- EXERCISE DIRECTIONS -
Word for word, restate all of the records.

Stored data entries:

····················

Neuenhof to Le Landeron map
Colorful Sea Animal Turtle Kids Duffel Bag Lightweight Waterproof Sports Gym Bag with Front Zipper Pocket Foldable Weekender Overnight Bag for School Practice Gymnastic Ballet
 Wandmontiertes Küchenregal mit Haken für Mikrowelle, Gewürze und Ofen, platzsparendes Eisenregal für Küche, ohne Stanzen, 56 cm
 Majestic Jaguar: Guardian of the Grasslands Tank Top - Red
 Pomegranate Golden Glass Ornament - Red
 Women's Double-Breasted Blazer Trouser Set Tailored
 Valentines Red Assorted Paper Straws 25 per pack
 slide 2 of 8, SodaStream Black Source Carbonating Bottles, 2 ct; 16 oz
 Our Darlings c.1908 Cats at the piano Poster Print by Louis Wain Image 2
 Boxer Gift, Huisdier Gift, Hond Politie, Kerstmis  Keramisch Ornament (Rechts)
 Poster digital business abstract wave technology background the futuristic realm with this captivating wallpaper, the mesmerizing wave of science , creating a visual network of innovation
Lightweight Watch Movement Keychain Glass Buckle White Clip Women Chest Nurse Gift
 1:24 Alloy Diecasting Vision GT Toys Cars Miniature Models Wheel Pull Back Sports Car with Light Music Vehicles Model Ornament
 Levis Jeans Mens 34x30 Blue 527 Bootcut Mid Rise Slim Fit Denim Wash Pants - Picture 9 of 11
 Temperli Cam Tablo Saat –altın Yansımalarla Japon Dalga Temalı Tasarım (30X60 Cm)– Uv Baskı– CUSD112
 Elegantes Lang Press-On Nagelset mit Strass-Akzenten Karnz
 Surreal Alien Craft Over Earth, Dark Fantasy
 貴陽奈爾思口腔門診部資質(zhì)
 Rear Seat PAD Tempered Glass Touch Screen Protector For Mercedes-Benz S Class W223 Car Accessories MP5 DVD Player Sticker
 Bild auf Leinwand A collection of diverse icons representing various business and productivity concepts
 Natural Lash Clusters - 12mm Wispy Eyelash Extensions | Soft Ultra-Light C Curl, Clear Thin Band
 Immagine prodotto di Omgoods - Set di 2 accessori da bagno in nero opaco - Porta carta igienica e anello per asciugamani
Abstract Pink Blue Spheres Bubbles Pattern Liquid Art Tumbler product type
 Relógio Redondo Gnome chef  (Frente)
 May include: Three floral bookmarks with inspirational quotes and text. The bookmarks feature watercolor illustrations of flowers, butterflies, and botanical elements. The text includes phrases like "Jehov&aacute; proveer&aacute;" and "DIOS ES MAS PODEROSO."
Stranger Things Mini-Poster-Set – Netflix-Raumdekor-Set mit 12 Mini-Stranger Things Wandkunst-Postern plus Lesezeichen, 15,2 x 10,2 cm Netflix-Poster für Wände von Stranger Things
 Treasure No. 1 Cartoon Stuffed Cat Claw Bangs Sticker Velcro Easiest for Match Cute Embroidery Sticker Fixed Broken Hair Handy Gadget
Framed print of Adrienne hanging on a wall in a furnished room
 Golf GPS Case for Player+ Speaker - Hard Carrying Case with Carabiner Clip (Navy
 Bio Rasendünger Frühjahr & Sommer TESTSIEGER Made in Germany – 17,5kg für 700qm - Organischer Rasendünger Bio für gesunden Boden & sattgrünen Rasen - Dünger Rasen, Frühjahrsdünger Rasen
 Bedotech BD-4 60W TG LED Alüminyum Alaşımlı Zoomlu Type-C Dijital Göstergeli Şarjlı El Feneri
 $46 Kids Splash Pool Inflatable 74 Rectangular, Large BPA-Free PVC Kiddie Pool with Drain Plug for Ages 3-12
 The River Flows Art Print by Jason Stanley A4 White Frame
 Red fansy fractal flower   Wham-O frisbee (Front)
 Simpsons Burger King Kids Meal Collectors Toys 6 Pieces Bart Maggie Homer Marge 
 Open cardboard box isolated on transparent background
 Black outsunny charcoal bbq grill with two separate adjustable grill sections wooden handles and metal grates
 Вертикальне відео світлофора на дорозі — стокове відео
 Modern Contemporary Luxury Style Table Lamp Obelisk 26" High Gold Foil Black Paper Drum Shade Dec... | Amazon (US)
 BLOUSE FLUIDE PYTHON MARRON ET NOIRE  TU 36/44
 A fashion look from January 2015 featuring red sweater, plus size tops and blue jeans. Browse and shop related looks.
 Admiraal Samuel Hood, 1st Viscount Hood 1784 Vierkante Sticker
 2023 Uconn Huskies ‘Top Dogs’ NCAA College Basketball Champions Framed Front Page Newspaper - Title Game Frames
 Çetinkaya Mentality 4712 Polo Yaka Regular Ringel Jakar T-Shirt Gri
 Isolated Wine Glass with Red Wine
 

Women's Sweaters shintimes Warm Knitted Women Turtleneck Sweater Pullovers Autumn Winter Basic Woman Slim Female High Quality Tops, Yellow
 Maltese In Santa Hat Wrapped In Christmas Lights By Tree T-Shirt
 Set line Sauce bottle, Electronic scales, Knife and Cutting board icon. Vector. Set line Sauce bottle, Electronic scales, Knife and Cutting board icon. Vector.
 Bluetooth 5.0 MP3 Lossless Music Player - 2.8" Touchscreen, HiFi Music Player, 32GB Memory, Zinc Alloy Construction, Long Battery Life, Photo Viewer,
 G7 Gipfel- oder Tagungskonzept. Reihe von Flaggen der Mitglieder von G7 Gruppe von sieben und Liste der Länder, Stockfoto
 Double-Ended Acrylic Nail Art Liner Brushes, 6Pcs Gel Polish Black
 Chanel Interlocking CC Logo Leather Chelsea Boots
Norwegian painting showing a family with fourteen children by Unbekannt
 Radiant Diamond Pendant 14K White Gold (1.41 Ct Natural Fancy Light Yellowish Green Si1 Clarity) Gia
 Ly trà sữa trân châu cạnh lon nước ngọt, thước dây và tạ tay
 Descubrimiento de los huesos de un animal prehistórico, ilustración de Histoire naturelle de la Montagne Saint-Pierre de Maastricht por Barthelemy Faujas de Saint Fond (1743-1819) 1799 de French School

····················

- YOUR RESPONSE -
Neuenhof to Le Landeron map
Colorful Sea Animal Turtle Kids Duffel Bag Lightweight Waterproof Sports Gym Bag with Front Zipper Pocket Foldable Weekender Overnight Bag for School Practice Gymnastic Ballet
 Wandmontiertes Küchenregal mit Haken für Mikrowelle, Gewürze und Ofen, platzsparendes Eisenregal für Küche, ohne Stanzen, 56 cm
 Majestic Jaguar: Guardian of the Grasslands Tank Top - Red
 Pomegranate Golden Glass Ornament - Red
 Women's Double-Breasted Blazer Trouser Set Tailored
 Valentines Red Assorted Paper Straws 25 per pack
 slide 2 of 8, SodaStream Black Source Carbonating Bottles, 2 ct; 16 oz
 Our Darlings c.1908 Cats at the piano Poster Print by Louis Wain Image 2
 Boxer Gift, Huisdier Gift, Hond Politie, Kerstmis  Keramisch Ornament (Rechts)
 Poster digital business abstract wave technology background the futuristic realm with this captivating wallpaper, the mesmerizing wave of science , creating a visual network of innovation
Lightweight Watch Movement Keychain Glass Buckle White Clip Women Chest Nurse Gift
 1:24 Alloy Diecasting Vision GT Toys Cars Miniature Models Wheel Pull Back Sports Car with Light Music Vehicles Model Ornament
 Levis Jeans Mens 34x30 Blue 527 Bootcut Mid Rise Slim Fit Denim Wash Pants - Picture 9 of 11
 Temperli Cam Tablo Saat –altın Yansımalarla Japon Dalga Temalı Tasarım (30X60 Cm)– Uv Baskı– CUSD112
 Elegantes Lang Press-On Nagelset mit Strass-Akzenten Karnz
 Surreal Alien Craft Over Earth, Dark Fantasy
 貴陽奈爾思口腔門診部資質(zhì)
 Rear Seat PAD Tempered Glass Touch Screen Protector For Mercedes-Benz S Class W223 Car Accessories MP5 DVD Player Sticker
 Bild auf Leinwand A collection of diverse icons representing various business and productivity concepts
 Natural Lash Clusters - 12mm Wispy Eyelash Extensions | Soft Ultra-Light C Curl, Clear Thin Band
 Immagine prodotto di Omgoods - Set di 2 accessori da bagno in nero opaco - Porta carta igienica e anello per asciugamani
Abstract Pink Blue Spheres Bubbles Pattern Liquid Art Tumbler product type
 Relógio Redondo Gnome chef  (Frente)
 May include: Three floral bookmarks with inspirational quotes and text. The bookmarks feature watercolor illustrations of flowers, butterflies, and botanical elements. The text includes phrases like "Jehov&aacute; proveer&aacute;" and "DIOS ES MAS PODEROSO."
Stranger Things Mini-Poster-Set – Netflix-Raumdekor-Set mit 12 Mini-Stranger Things Wandkunst-Postern plus Lesezeichen, 15,2 x 10,2 cm Netflix-Poster für Wände von Stranger Things
 Treasure No. 1 Cartoon Stuffed Cat Claw Bangs Sticker Velcro Easiest for Match Cute Embroidery Sticker Fixed Broken Hair Handy Gadget
Framed print of Adrienne hanging on a wall in a furnished room
 Golf GPS Case for Player+ Speaker - Hard Carrying Case with Carabiner Clip (Navy
 Bio Rasendünger Frühjahr & Sommer TESTSIEGER Made in Germany – 17,5kg für 700qm - Organischer Rasendünger Bio für gesunden Boden & sattgrünen Rasen - Dünger Rasen, Frühjahrsdünger Rasen
 Bedotech BD-4 60W TG LED Alüminyum Alaşımlı Zoomlu Type-C Dijital Göstergeli Şarjlı El Feneri
 $46 Kids Splash Pool Inflatable 74 Rectangular, Large BPA-Free PVC Kiddie Pool with Drain Plug for Ages 3-12
 The River Flows Art Print by Jason Stanley A4 White Frame
 Red fansy fractal flower   Wham-O frisbee (Front)
 Simpsons Burger King Kids Meal Collectors Toys 6 Pieces Bart Maggie Homer Marge 
 Open cardboard box isolated on transparent background
 Black outsunny charcoal bbq grill with two separate adjustable grill sections wooden handles and metal grates
 Вертикальне відео світлофора на дорозі — стокове відео
 Modern Contemporary Luxury Style Table Lamp Obelisk 26" High Gold Foil Black Paper Drum Shade Dec... | Amazon (US)
 BLOUSE FLUIDE PYTHON MARRON ET NOIRE  TU 36/44
 A fashion look from January 2015 featuring red sweater, plus size tops and blue jeans. Browse and shop related looks.
 Admiraal Samuel Hood, 1st Viscount Hood 1784 Vierkante Sticker
 2023 Uconn Huskies ‘Top Dogs’ NCAA College Basketball Champions Framed Front Page Newspaper - Title Game Frames
 Çetinkaya Mentality 4712 Polo Yaka Regular Ringel Jakar T-Shirt Gri
 Isolated Wine Glass with Red Wine
 

Women's Sweaters shintimes Warm Knitted Women Turtleneck Sweater Pullovers Autumn Winter Basic Woman Slim Female High Quality Tops, Yellow
 Maltese In Santa Hat Wrapped In Christmas Lights By Tree T-Shirt
 Set line Sauce bottle, Electronic scales, Knife and Cutting board icon. Vector. Set line Sauce bottle, Electronic scales, Knife and Cutting board icon. Vector.
 Bluetooth 5.0 MP3 Lossless Music Player - 2.8" Touchscreen, HiFi Music Player, 32GB Memory, Zinc Alloy Construction, Long Battery Life, Photo Viewer,
 G7 Gipfel- oder Tagungskonzept. Reihe von Flaggen der Mitglieder von G7 Gruppe von sieben und Liste der Länder, Stockfoto
 Double-Ended Acrylic Nail Art Liner Brushes, 6Pcs Gel Polish Black
 Chanel Interlocking CC Logo Leather Chelsea Boots
Norwegian painting showing a family with fourteen children by Unbekannt
 Radiant Diamond Pendant 14K White Gold (1.41 Ct Natural Fancy Light Yellowish Green Si1 Clarity) Gia
 Ly trà sữa trân châu cạnh lon nước ngọt, thước dây và tạ tay
 Descubrimiento de los huesos de un animal prehistórico, ilustración de Histoire naturelle de la Montagne Saint-Pierre de Maastricht por Barthelemy Faujas de Saint Fond (1743-1819) 1799 de French School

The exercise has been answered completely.